After cutting pairs of identical parts, stack them on each other to confirm they're the same size.
Cut the top to size and the bottom about 1/2" oversize. Set these parts aside for now.
Without using glue, clamp the sides, front, and back together; use a carpenter's square to keep the assembly straight. Measure between the sides and between the front and back. Then cut the bottom to fit.
Drill countersunk holes into the front and back for screws to hold the case together. Note how the parts go together, remove the clamps, and drill 1/8" pilot holes in the edges of the sides and bottom.
Driving screws into MDF edges without first drilling pilot holes can cause the material to split. Drill pilot holes just large enough so only the screw threads grip the MDF.
Glue and screw the front and back to the sides and bottom. After the glue dries, putty over the screw heads with wood filler. Let dry and sand smooth.
Gluing a big project such as this can be challenging. Assemble it with clamps only (no glue) beforehand to work out any problems. If everything fits, assemble with screws and glue.
Flip the chest upside down and mark where you want the feet mounting plates at the corners of the bottom. (Screw a bun foot to a plate to find the right locations.) Drill pilot holes and fasten the plates to the bottom with 3/4" sheet-metal screws.
Using a hacksaw and file, cut the continuous hinge to fit the width of the chest. With the hinge barrel centered on and flush with the back edge of the lid, drill pilot holes for the hinge mounting screws.

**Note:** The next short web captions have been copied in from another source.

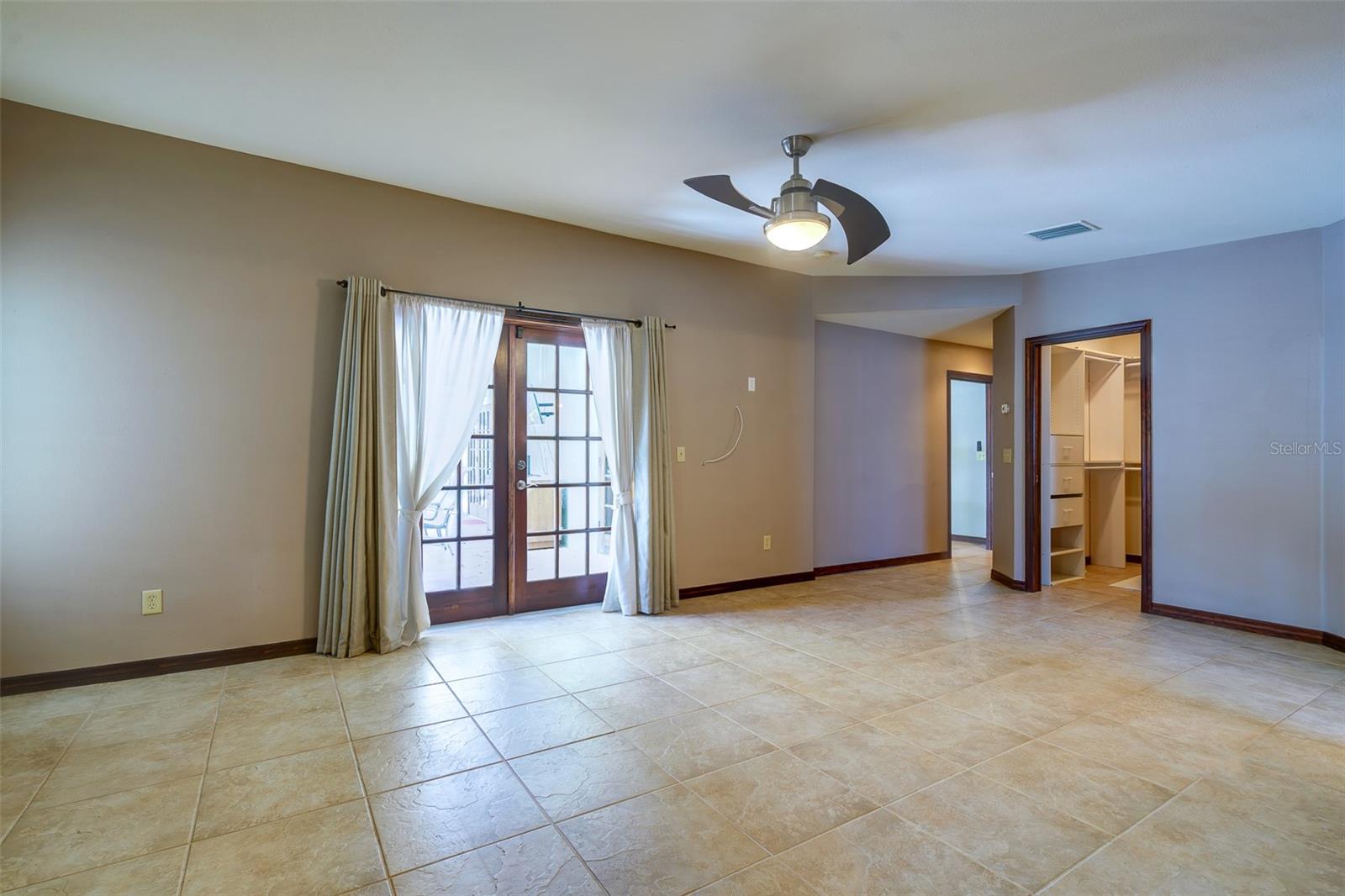 Image 27 of 47 For 215 Garden Circle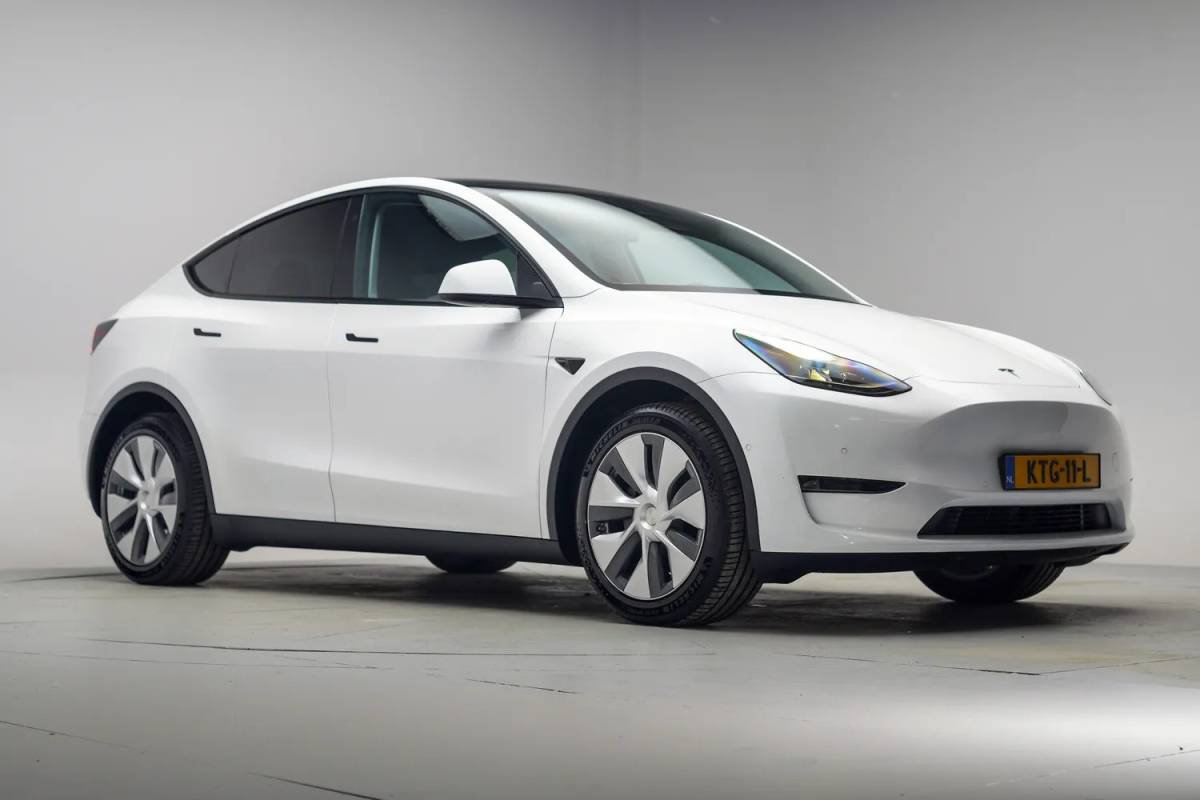 Tesla Model Y Tesla Model Y Long Range Dual Motor AWD [ FSD Pano Leder Stuur-&stoelverwarming ]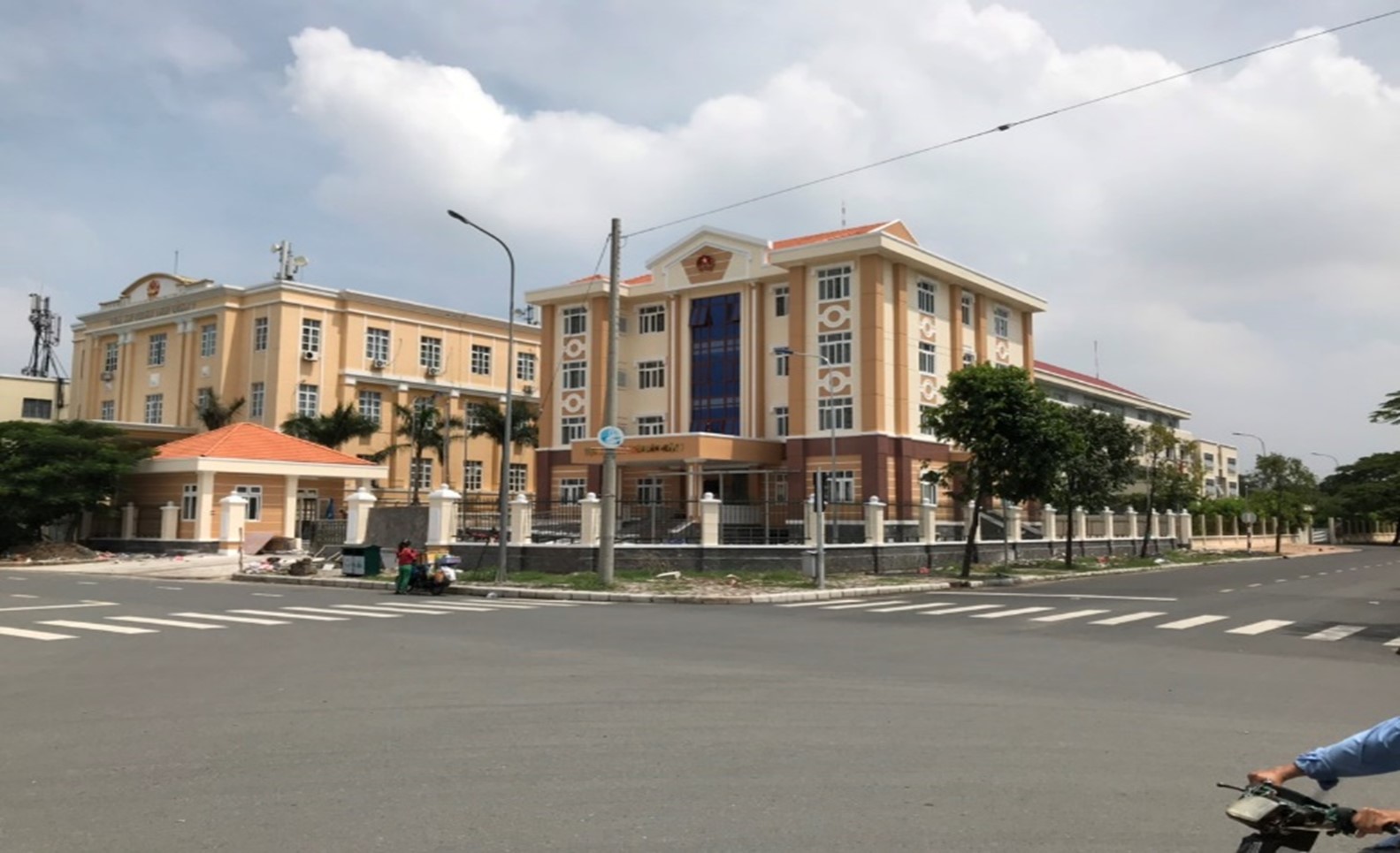 CTCP ĐẦU TƯ HẠ TẦNG ĐÔNG SƠN THI CÔNG DỰ ÁN XÂY DỰNG TRỤ SỞ VIỆN KIỂM SÁT NHÂN DÂN QUẬN 7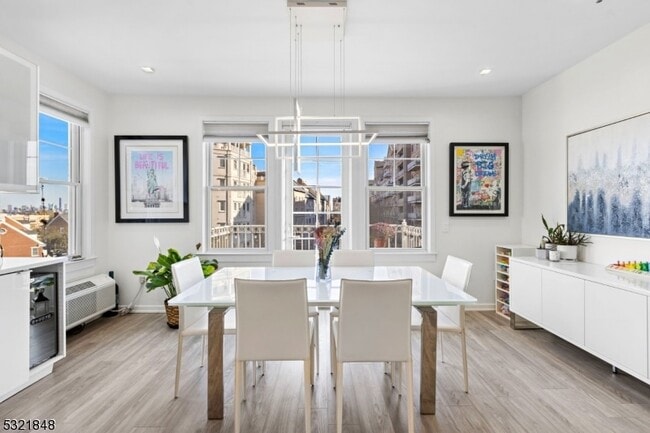 Building Photo - 1 Independence Way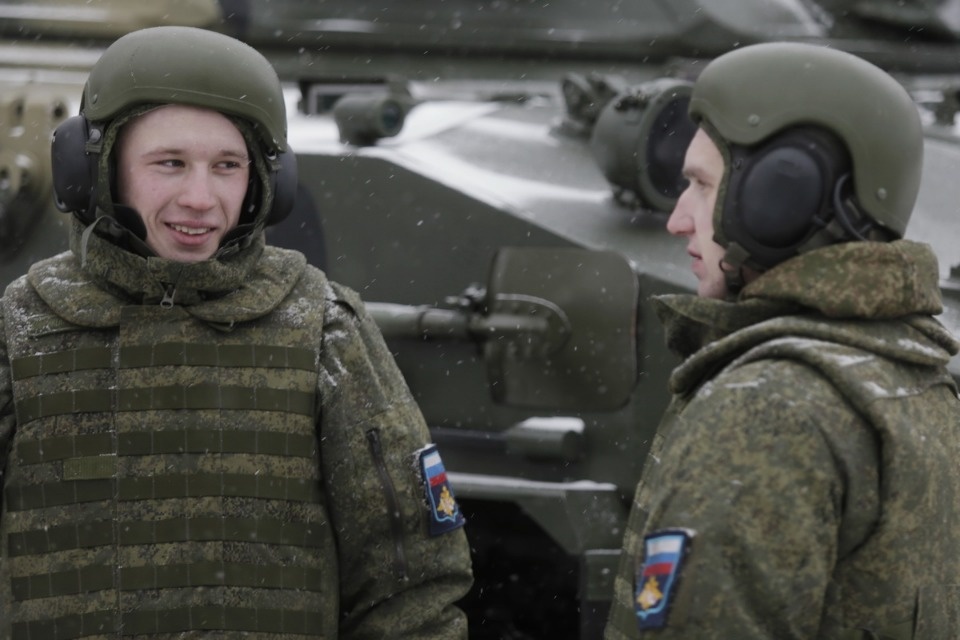Парад войск Псковского гарнизона в День защитника Отечества Парад войск Псковского гарнизона в День защитника Отечества
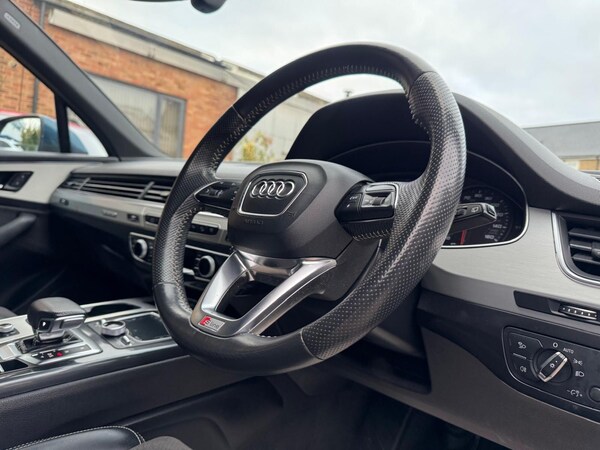 Used Audi Q7 2018 for sale - 76226496: Photo 54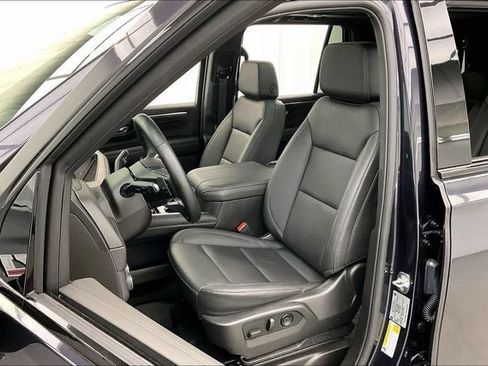 Certified 2026 Chevrolet Tahoe Z71 w/ Comfort Package AWD/4WD image 8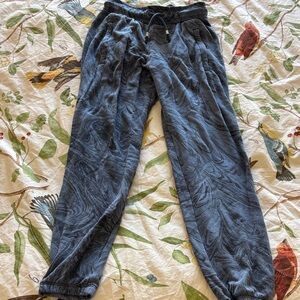 Blue swirl sweats girls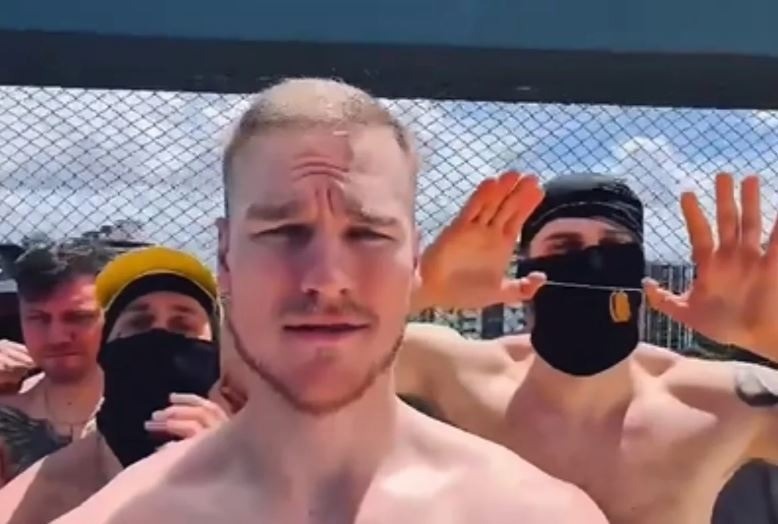 Atletas fazem post xenofóbico após mundial de vôlei em no Brasil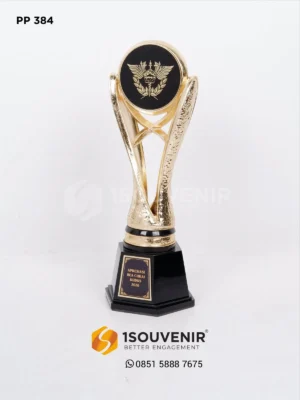 Piala Penghargaan Apresiasi Bea Cuk...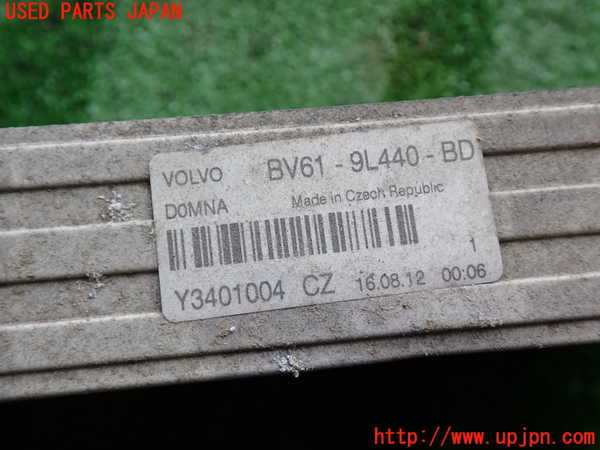 2UPJ-33782451]ボルボ・V60(FB4164T)インタークーラー1 中古_m0002.jpg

Avoid drilling through the lid by taping your drill bit at the length of the hinge screws (without the head).
Clamp a long piece of scrap wood to the back of the chest, flush with the top edge; rest the lid on the scrap centered along the chest. Mark and drill the hinge hole locations; then screw the hinge to the chest.
With the lid vertical, measure and mark the locations of the left and right lid supports. Drill pilot holes, attach the supports, and test the operation of the lid.
If you're building this for a child's room, take the precaution of installing special lid supports that keep the top from slamming down suddenly.
Remove the hardware, sand the outside surfaces smooth, and wipe them clean. Seal the MDF with primer and let dry. (Finish the bun feet and lid separately.) Sand and clean again before applying two coats of latex paint. After the last coat dries, reassemble the chest and add optional felt pads to the chest edges at the corners opposite the hinge.
If possible, raise the storage chest to working height by placing it on a worktable before you apply the stencil. Then stabilize it by putting cardboard pieces under the feet until it sits level. Sand, prime, and paint a base coat on the storage chest (we used Can't Miss Lime). Add a second coat if necessary. Allow the chest to dry overnight.
Download the Storage Chest template. Cut out the template. To create a square, mirror the to-scale pattern to create the four corners. Line up the template as you like on one side of the front of the chest. Note where the square's corners will line; mark these spots on the chest with a pencil. Apply 1-inch painter's tape to the chest connecting the pencil marks to create the interlocking square pattern; firmly press down the edges.
Move the template and connect the next square to the ends of the first square. Repeat until the pattern reaches the ends of the front and sides of the chest. (We repeated the squares four times for the front and one and a half for the sides of the chest.)
For the top of the chest, use the pattern on the front and the side as your guide. Aline the inside corner with the inside top line of the painter's tape pattern to create squares on each corner. Next measure 3 inches in on each side of the chest, and apply painter's tape to create a frame. The tape should form one edge of the square pattern at each of the four corners.
Use a 4-inch roller to cover the chest with the second paint color (we used Mountain Botanical). Start with a thin coat of paint and add additional layers until the desired color is achieved; let dry. Remove tape to reveal the pattern.